The experimental setup features a cup containing CPA, from which an embedded rod is slowly extracted. The temperature control system cools the sample sufficiently rapidly to ensure vitrification, while maintaining a constant test temperature thereafter. The rod is extracted at constant velocity and the force on the rod is measured as a function of time. An essentially one dimensional analysis of the flow during experimentation is appropriate due to the elongated shape of the annular fluid region. The observed time history of force fits very well the predictions of a Maxwell fluid model, from which a steady viscosity and a relaxation time are extracted.

Viscosities over the range from 10⁹ Pa-s to 10¹¹ Pa-s were measured for three CPAs of interest. The viscosity as a function of temperature was well fitted by an exponential function of temperature. As one measure of the glass transition temperature, the viscosity-temperature fit is extrapolated to10¹² Pa-s. The resulting temperature is plausibly in the range of glass transition, approximately 6K to 8K below the upper end of the glass transition range obtained from DSC measurements of the overshoot-peak temperature during rewarming. The relaxation time for all fluids was found to be proportional to their viscosity over the corresponding temperature range, with a nearly constant proportionality in the range of 3.8 to 8 MPa (depending on the CPA), interpretable as the shear modulus G of the Maxwell fluid model. Finding a shear modulus that is nearly three orders of magnitude less than the expected glassy value suggests that relaxation processes with much shorter time constants are not captured by these low strain-rate tests (10^-4 s^-1). On the other hand, low strain rates are expected to be pertinent to cryopreservation, given the modest cooling rates of typical protocols, particularly as glass transition is approached (typically 0.1K per minute).
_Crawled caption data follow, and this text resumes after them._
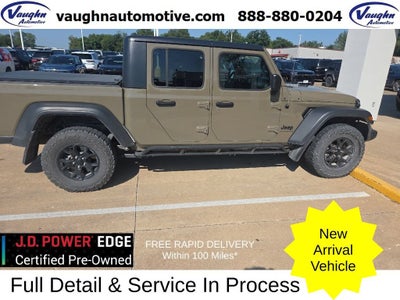 2020 Jeep Gladiator Sport S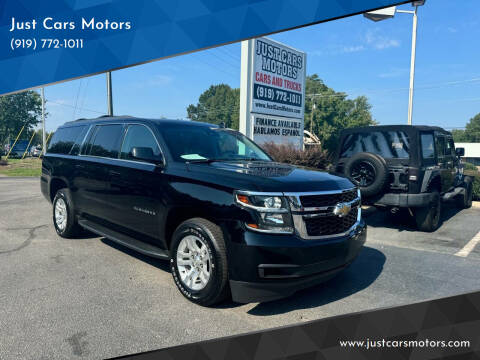 2018 Chevrolet Suburban for sale at Just Cars Motors in Raleigh NC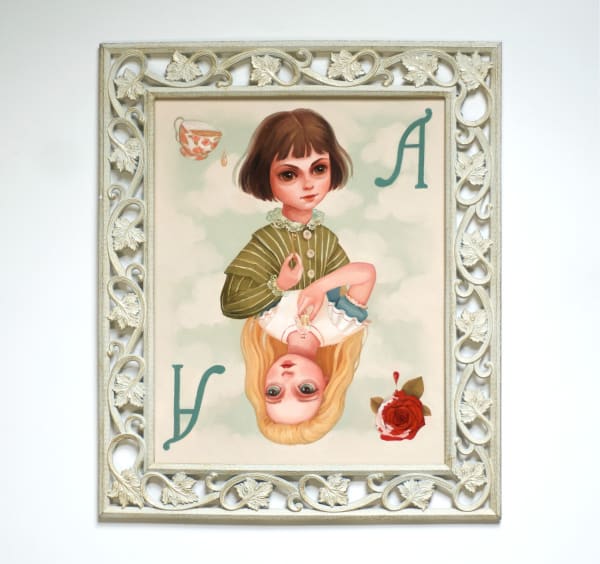 Alice Twice by Katie Gamb, Image 1.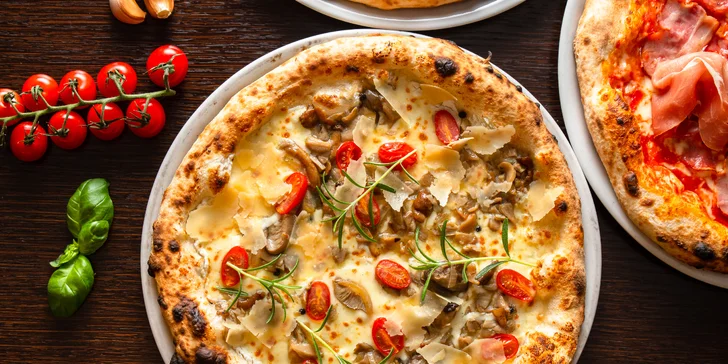 Čas na pizzu! Vyberte si z 21 druhov pizze v Lozano pub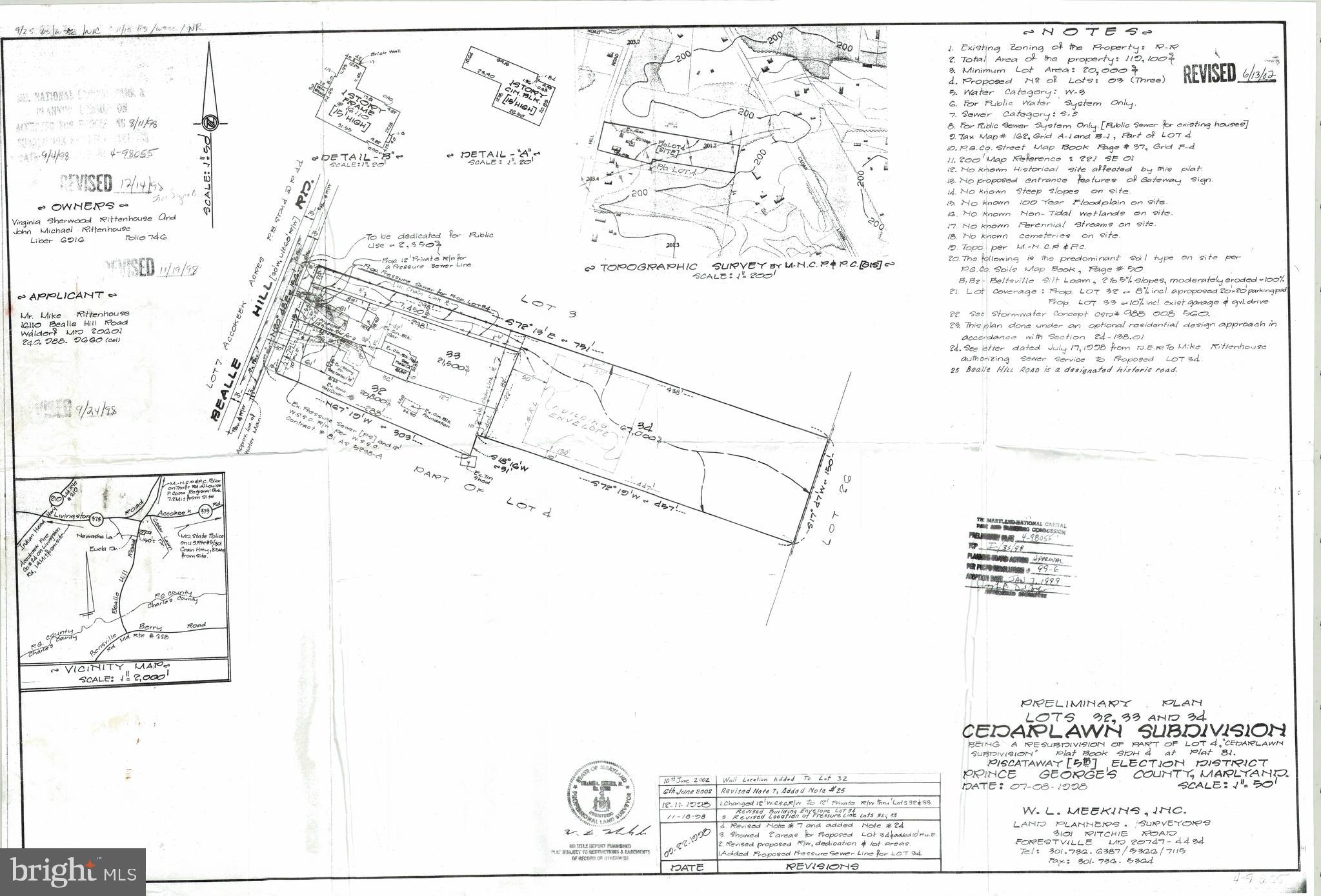 CEDARLAWN - Land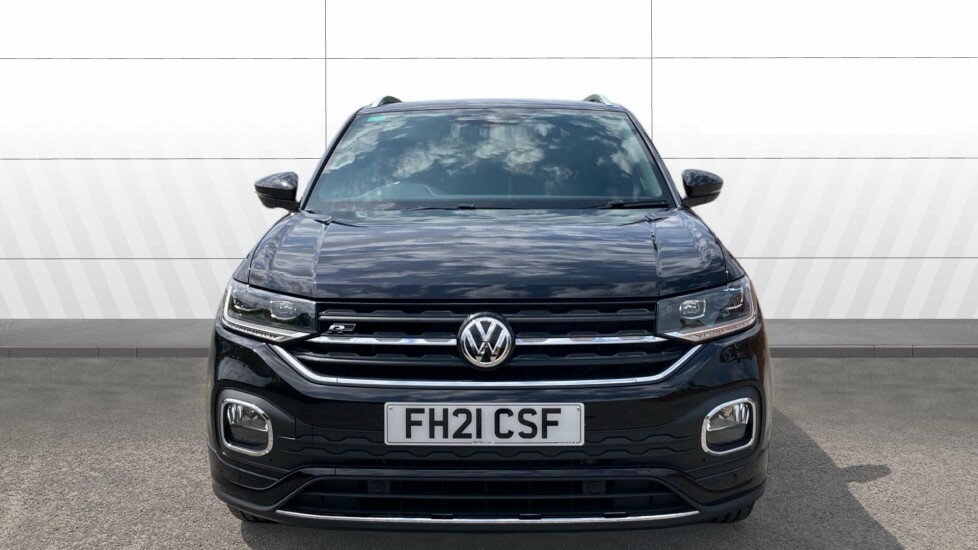 Volkswagen T-Cross R-line Black #3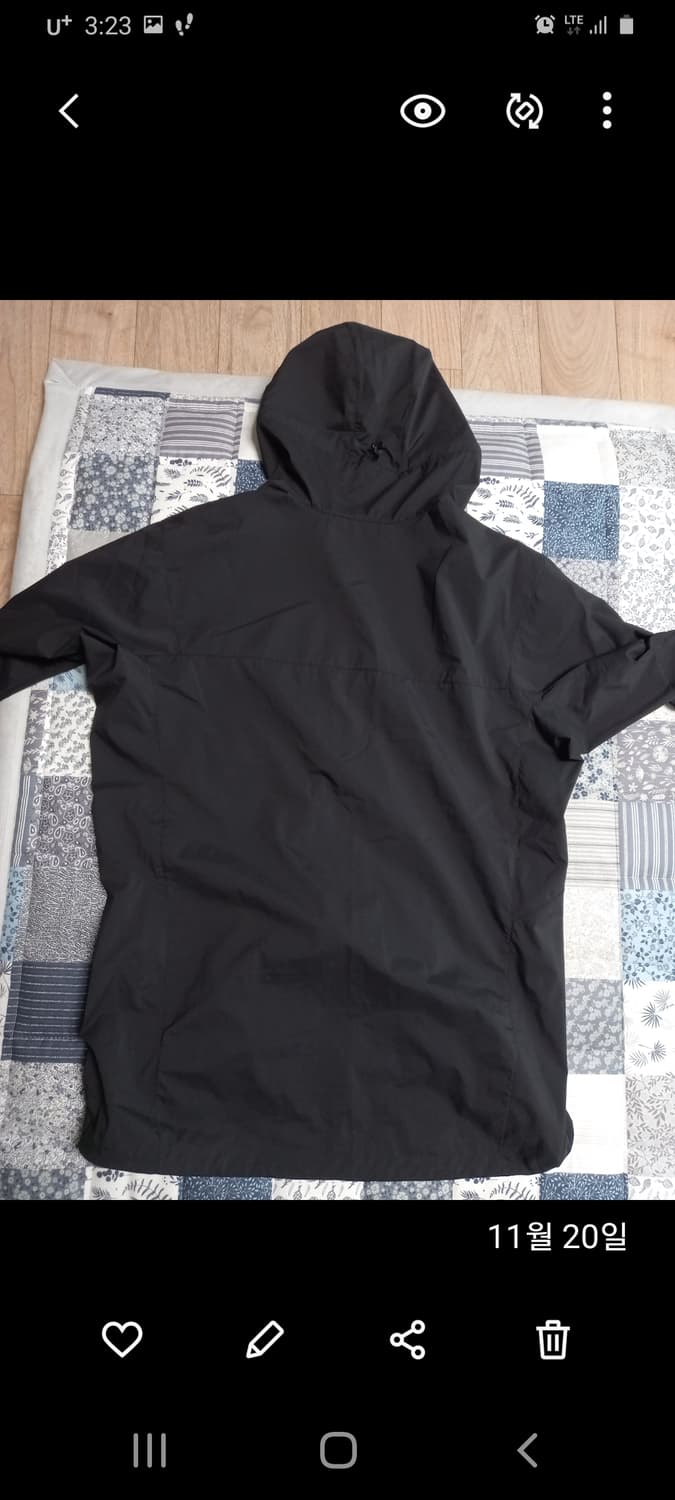 아크테릭스 스쿼미시 후디 블랙 L(실용105) 상품이미지7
Appendix A. Uncertainty analysis

Following standard practice [16], the uncertainty in this procedure is estimated as:

$$\delta F(x_1,x_2,\dots .,x_i)=\sqrt{\sum _i{\left(\frac{\delta F}{\delta x_i}\delta x_i\right)}^2}$$ (A1)

where x_i are the independent variables. In the current study, the independent sources of uncertainty are the observed steady-state load, P_ss, the outer radius of the stainless steel rod and inner radius of the brass sample cup, R₁ and R₂, respectively, the length of the stainless steel rod submerged in CPA, L, and the velocity that the rod is extracted, v_o, which is translated to a strain rate.

Uncertainty in load cell measurement is caused by nonlinearity (±0.05% of full scale), hysteresis (±0.05% of full scale), non-repeatability (±0.05% of full scale), and temperature shift (±0.0014%/°C of actual load). Uncertainty in radii measurement is estimated as 0.01 mm. Uncertainty in L originates from the uncertainty in the CPA volume injected into the CPA chamber; an uncertainty of 0.29 mm is estimated when using a 1 mL syringe. Another source of uncertainty in L is the gradual extraction of the upper rod from the CPA, which may be as much as 2.5 mm over the duration of the experiment.

Uncertainty in temperature measurements is introduced by A/D conversion (22 bits at 0.333Hz) in the data acquisition module, cold-junction compensation, and the quality of the thermocouple material. The combined effect of these uncertainties is estimated as ±0.8°C.

Uncertainty was calculated for each experiment based on Eq. (A.1) and the above data. Uncertainty in viscosity calculations based on experimental data ranged from 2.9 and 8.4% in 7.05 M DMSO experiments, between 2.3 and 10.8% in VS55 experiments, and between 3.6 and 11.1% in DP6 experiments.